# Linux hangs/freezes - hdb: lost interrupt

## hannson

Hi I've got a weird problem with my computer. I left it on overnight like always and when I came back the morning after everything was in a frozen-like state. I could swich terminals (alt 1-7) but couldn't login in any of them until my computer snapped out of it. This has been happening repeatedly sinve yesterday and I have no idea what's wrong. 

It's definetly not a DMA problem.

I swiched from X to modular X (because I first thought it was that kind of problem)

I checked my hdd with a SMART tool and it passed the test.

I also checked tempature and it was 35°C on motherboard and CPU

My computer setup is:

AMD64 3000+

512MB ram

Asus A8n-deluxe:

NFORCE4-SLI chipset 

Currently (writing in another computer now) I'm running System Monitor in the broken computer and it shows 25% Memory usage and 100% CPU, falling to 1% every 4 - 6 minutes. 

It took around 7 minutes to go between pages in FF.

Any ideas?

BTW I can't see any process using more than 2 - 7% CPU... maybe all together 14% at most. Still the monitor says 100% usageLast edited by hannson on Wed Jul 12, 2006 8:28 pm; edited 1 time in total

----------

## coolsnowmen

100% memory at idle? what process is doing this?

top should tell you

----------

## hannson

No sorry, 100% CPU usage.  I'll try 'top' when I get home!

----------

## coolsnowmen

yeah, post whatever process is taking up 100% 

also, can you restart? and see if it still goes 100%?

I have problems with nano running 100 (quit badly) for no reason enough times for me to put

USE=minimal infront of it.

----------

## hannson

Ok. I've tried restarting. I've had to hardreboot several times because the GUI hangs for too long and I can't login on other terminals in the meanwhile

----------

## coolsnowmen

I think you need to find out what is breaking.

So I would boot with the live cd, to chroot, delete xdm from the runlevel

This will let you test each part of the gui indepenantly...and first prove that it is part of the gui, And not something even earlier.

Then just start X, etc...

----------

## hannson

Something tells me this is a damaged hdd problem... 

The cpu is pegged at 99% or 100% with most of the utilization in 'wa' (wa stands for "I/O wait state"). 

Am I right? :-S

EDIT: My dmesg is getting filled with hdb: lost interrupt

----------

## coolsnowmen

Did you start it w/o xdm?

How about w/o ANY services (networking/samba/cups/...)?

 *Quote:*   

> EDIT: My dmesg is getting filled with hdb: lost interrupt

 

Thats not good, something bad along the hd chain.  I'ld put the drive in another computer and try to read it, and backup anything important on it if you havn't already....When you put it in the other computer, use a known good cable...maybe you are lucky and its just a bad cable...

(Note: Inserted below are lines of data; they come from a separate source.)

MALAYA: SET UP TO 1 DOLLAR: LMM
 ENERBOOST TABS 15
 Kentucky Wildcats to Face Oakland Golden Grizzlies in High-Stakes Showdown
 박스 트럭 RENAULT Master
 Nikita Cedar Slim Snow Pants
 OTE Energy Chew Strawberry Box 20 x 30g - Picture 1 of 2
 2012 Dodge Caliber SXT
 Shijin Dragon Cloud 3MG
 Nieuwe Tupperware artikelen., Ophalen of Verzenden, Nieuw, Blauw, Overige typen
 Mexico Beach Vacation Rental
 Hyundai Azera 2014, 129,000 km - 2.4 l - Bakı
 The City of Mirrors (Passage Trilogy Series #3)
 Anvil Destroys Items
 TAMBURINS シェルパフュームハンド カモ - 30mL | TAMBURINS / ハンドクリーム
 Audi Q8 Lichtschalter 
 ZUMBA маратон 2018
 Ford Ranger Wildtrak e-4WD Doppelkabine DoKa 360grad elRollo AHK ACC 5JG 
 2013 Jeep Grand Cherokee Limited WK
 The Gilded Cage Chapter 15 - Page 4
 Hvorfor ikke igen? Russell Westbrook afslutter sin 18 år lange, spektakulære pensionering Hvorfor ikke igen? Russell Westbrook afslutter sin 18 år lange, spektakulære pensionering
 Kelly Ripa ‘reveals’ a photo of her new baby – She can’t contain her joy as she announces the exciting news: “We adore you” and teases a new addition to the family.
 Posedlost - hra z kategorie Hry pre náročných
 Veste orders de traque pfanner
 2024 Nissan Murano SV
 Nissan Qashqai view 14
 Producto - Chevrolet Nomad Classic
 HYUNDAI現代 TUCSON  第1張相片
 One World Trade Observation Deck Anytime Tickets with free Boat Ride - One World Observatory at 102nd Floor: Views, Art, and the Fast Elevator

hdb?...what happened to hda? what is your fstab?

----------

## hannson

No I was running everything. My guess is that either the cable isn't good enough or the drive is overheating - because it works for a while before it hangs. I recently moved the harddrive to another cable (because the old couldn't use DMA for some reasons) and moved it into the hdd rack inside the case (was using a hotswap drive in a 5.25 slot). Now I'm using the ASUS cable that came with my motherboard - It should be good enough! 

My root/boot drive is /dev/hdb - there is no hda

Just that, I used smarttools (smartctl) to check the drive and it passed the test. :-/

----------

## ZomAur

I'm having a similar problem on my server. The motherboard is a VIA. Since DMA isn't working, i've turned it off. Was working fine until about a week ago, when I started to get lockups once or twice a week. Now, sometimes I can't even boot!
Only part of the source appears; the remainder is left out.